- [What to work on]
Each line from the one containing "Hämähäkinverkko Hämähäkeillä 200g" to the end of the data must be copied exactly, the first and last included; no other lines and no pictures belong in the copy.

***** Entries supplied *****

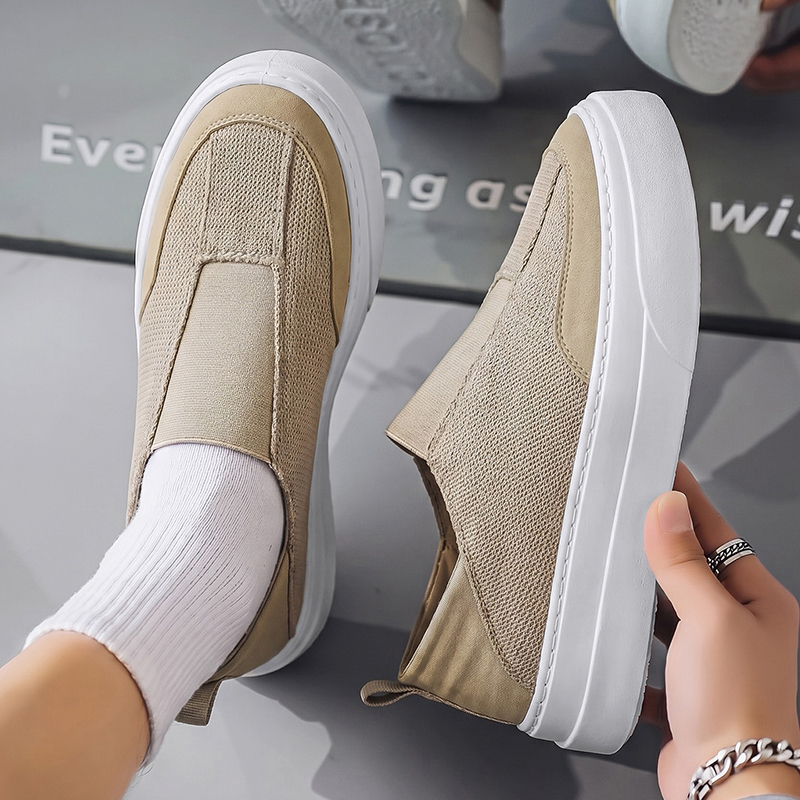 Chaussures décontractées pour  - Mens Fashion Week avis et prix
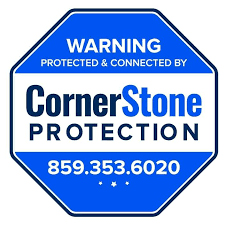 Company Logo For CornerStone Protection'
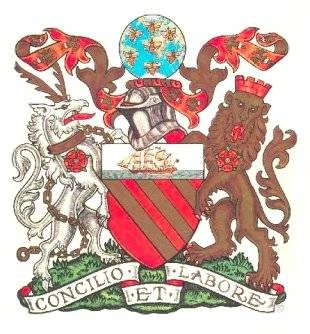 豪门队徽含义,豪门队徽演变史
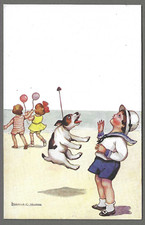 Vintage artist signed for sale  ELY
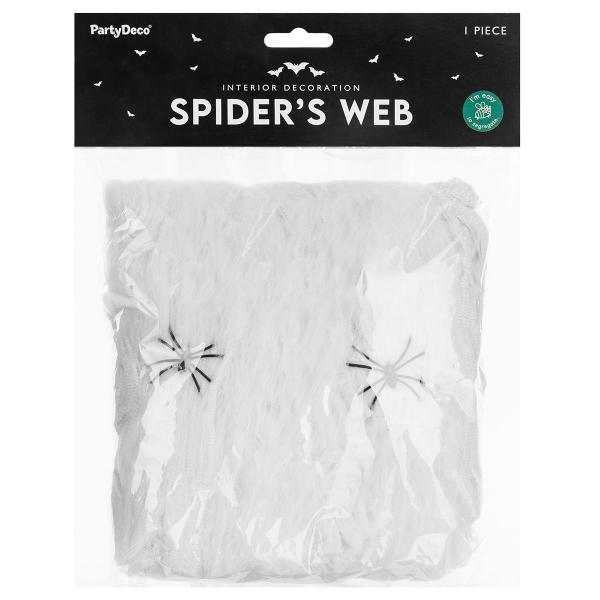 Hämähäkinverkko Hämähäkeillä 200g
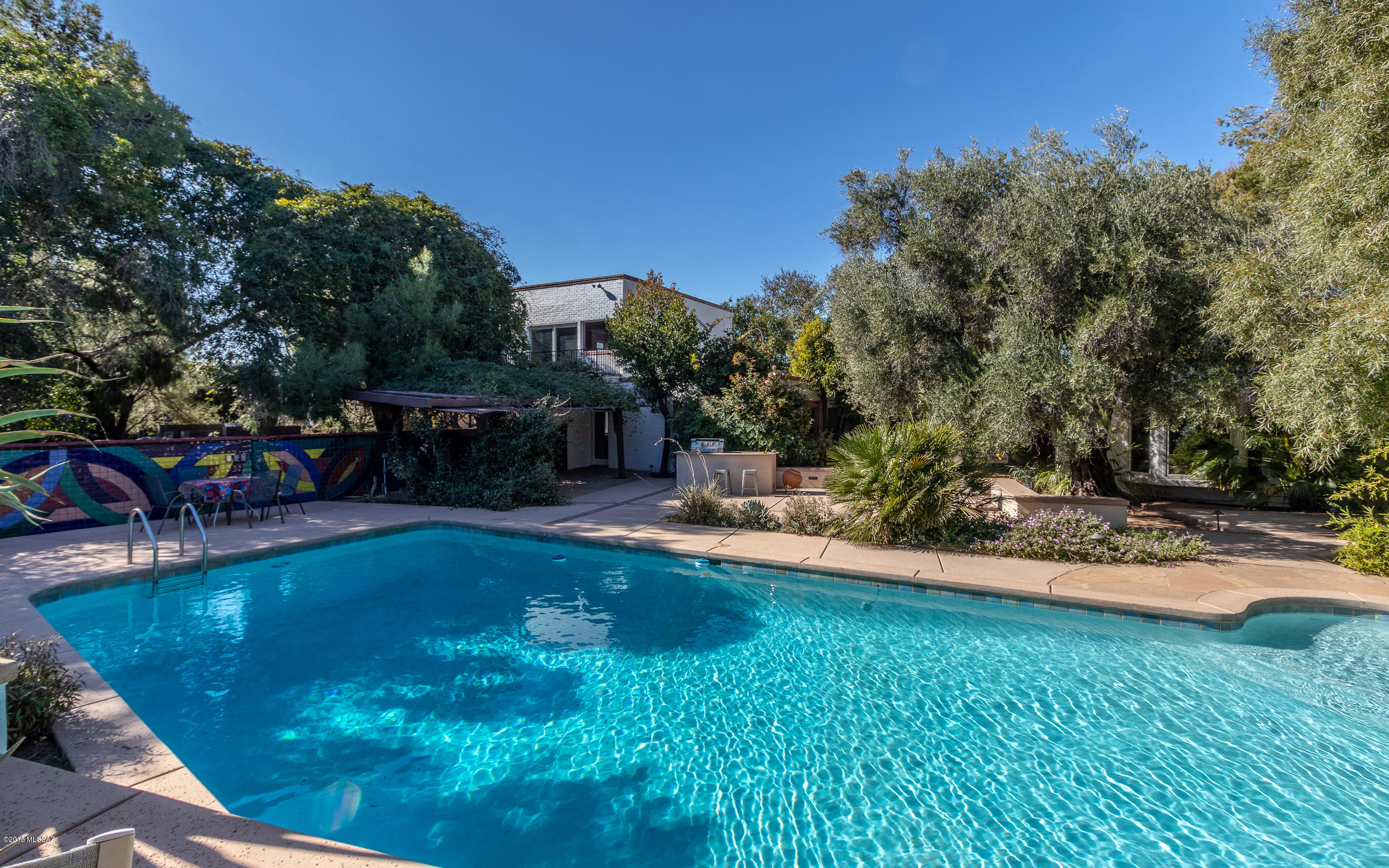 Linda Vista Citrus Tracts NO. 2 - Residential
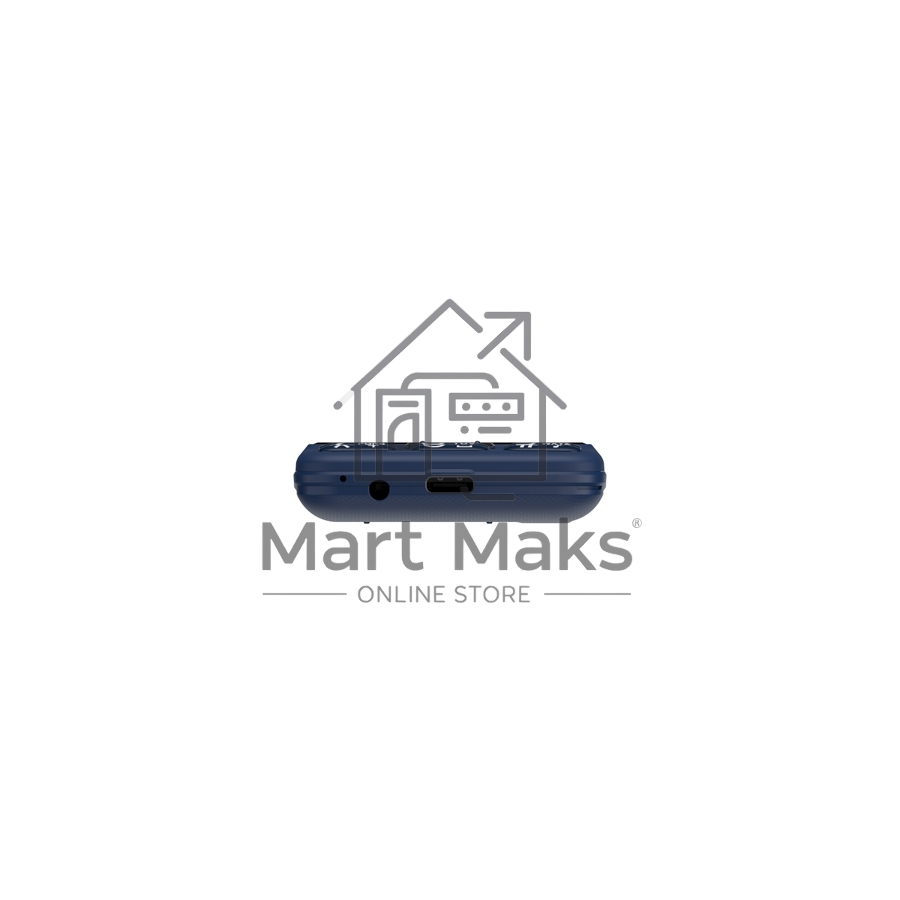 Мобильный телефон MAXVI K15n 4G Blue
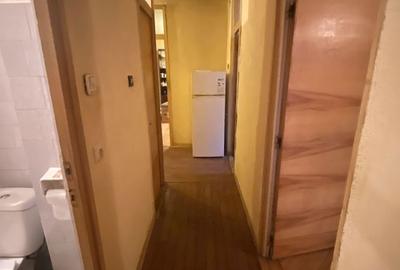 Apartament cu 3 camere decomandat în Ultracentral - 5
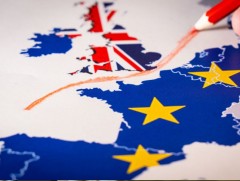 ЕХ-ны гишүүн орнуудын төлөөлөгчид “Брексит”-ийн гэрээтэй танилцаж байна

*****

- [Solution to the exercise]
 Hämähäkinverkko Hämähäkeillä 200g
 Linda Vista Citrus Tracts NO. 2 - Residential
 Мобильный телефон MAXVI K15n 4G Blue
 Apartament cu 3 camere decomandat în Ultracentral - 5
 ЕХ-ны гишүүн орнуудын төлөөлөгчид “Брексит”-ийн гэрээтэй танилцаж байна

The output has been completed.